The engine mount is attached to two more heavy stringers that run about five feet in from the transom and form the sides of the motor well.  They are 3/4-inch plywood, so the well assembly is 1 1/2-inches thick — pretty hefty to handle the two-inch thick mount.

Fitting and measuring the mount by holding it above my head while standing on my tip-toes wasn’t going to happen, so I wrapped a couple cleats in packing tape to make “ramps”  at the correct angle, so I could slide the mount up into the boat and clamp it into place while making adjustments.  Then, considering I had about $100 worth of plywood and epoxy invested in the blank for the mount, I made a plywood template by tracing around the well sides, stringers and keel.  It fit right the first time, so I traced it onto the blank, and cut out the mount — very slow going through a two-inch lamination.

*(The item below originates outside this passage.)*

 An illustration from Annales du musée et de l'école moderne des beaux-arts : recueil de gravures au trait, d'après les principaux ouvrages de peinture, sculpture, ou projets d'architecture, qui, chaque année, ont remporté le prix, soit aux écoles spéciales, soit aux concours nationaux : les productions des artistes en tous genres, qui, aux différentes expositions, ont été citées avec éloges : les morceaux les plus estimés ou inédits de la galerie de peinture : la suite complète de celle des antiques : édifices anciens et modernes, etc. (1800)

Ray came over to help me slide the mount up into the boat, while I handled the mount and its insurance policy — 316-stainless steel lag screws running through the well sides and two inches into the mount.  I really trust epoxy, but not having the motor mount shake loose and put the engine in the drink will be worth (I hope) the jewelry-level price that West Marine charges for these things.

Then it was back to fairing to get the mount and engine sides perfect angled to accept the planking.  I am really tired of fairing, and with a two-inch lamination to bring down, I decided to exercise the nuclear option of stock removal — a disc grinder with a wheel meant for metal.  This tool will really carve through wood, but is so aggressive that it can really get away from you.  I was grinding away on a thick piece of oak on the Jericho Bay skiff  one day, when I lost my concentration for five seconds and was suddenly half-way through the planking.  But I was extra-careful and finally, FINALLY the back half of the Tardis is as fair as it is going to get.

Short week, since I went with Molly on a business trip to Boston to check out the USS Constitution before she goes into dry dock for three years.  To a wooden boat nut, Old Ironsides is a combination of Chartres, the Blue Mosque and the Taj Mahal, so I want to follow the project closely whenever I can get up to Charlestown.

 

Ramps for the motor mount

Ramps for the motor mount

Motor mount template

Motor mount template

Motor mount dry fit

Motor mount dry fit

Insurance

Insurance

Motor mount faired in

Motor mount faired in

Aft end of the boat is ready for planks

Aft end of the boat is ready for planks

Masts coming out.  This is not how they id it in 1797.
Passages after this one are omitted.